No one can be serious all the time, not even me, so this post will consist of a couple of silly riddles, a cute animal picture, and a poem.
Question: What is a metaphor?
Answer: It’s for all those times when only a meta will do.
Question: What is a catastrophe?
Answer: A catastrophe is what you have to pay after the catastro.
As far as I know, those are original. They popped into my head while I was driving, but I might have heard them decades ago and they just decided to swim up to the surface of my consciousness. I’m sure there’s a website where you could solve the question.
Continuing my non-serious theme, here’s the cute animal picture. Can you identify the animal?
It’s a wild chinchilla. I took the photo in Machu Pichu. According to Wikipedia, they are crepuscular mammals, which I suppose means that they move around mainly at dusk. I snapped him around 11 a.m., so this guy was up very early. He was sitting in a gap in the ruins caused by an earthquake, about 15 ft. (5 meters) away, and didn’t seem to mind a bunch of tourists oohing and ahhing over him. The Incas are world famous for their large irregular stone construction techniques, but they also used coursed stone, with equal sized blocks, for some important buildings, though as you can see here, it is not as stable. The buildings made of irregular fitted blocks have not shifted at all.

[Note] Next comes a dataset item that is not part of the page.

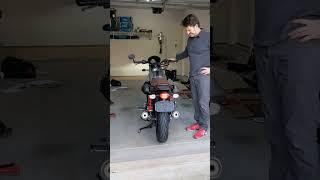 Moto Guzzi V7 iii MIVV Exhaust Compared to Stock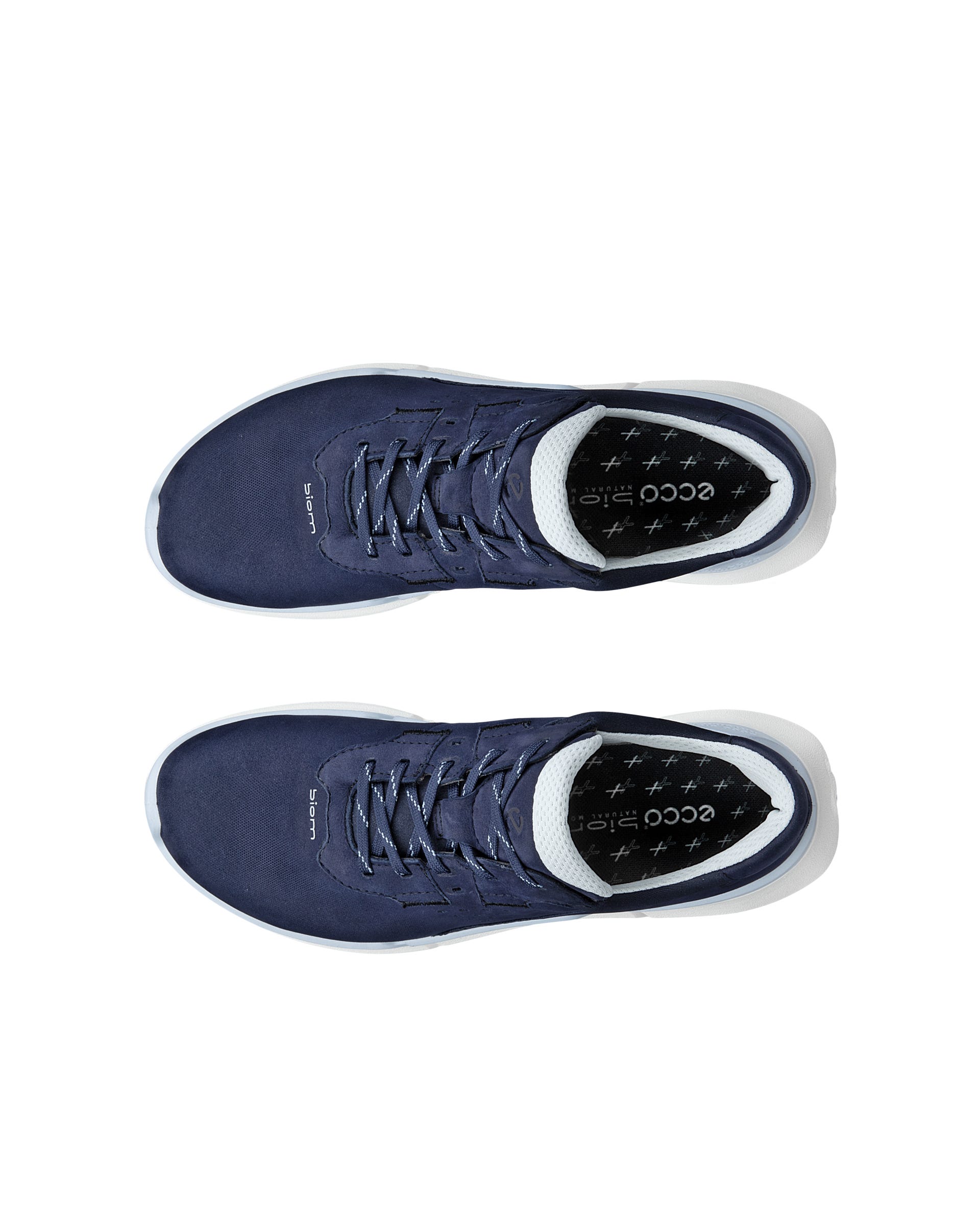 Dámske kožené tenisky ECCO® Biom 2.2 - Modrá - Top left pair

This is still a fairly short post, so I will bulk it up with a poem from my archives. The poem could be considered serious, but it’s short.
Your Poised Hand
1
These clothes my former lover made
Fit even better as they fade.
2
There’s frequently a lot of dust
in what we think is solid sand.
In finding out you never trust
your eye or how it feels in hand.
To quench such curiosity,
fling it to the wind! You’ll see
the powder, born in falling grit,
billow, and abandon it.
Then you’ll know exactly just
how much rock and how much dust
were in that pile of so-called sand,
lately lying in your poised hand.
3
Exactly what you had will then
be known, and never known again.
The clothes she made are wearing thin.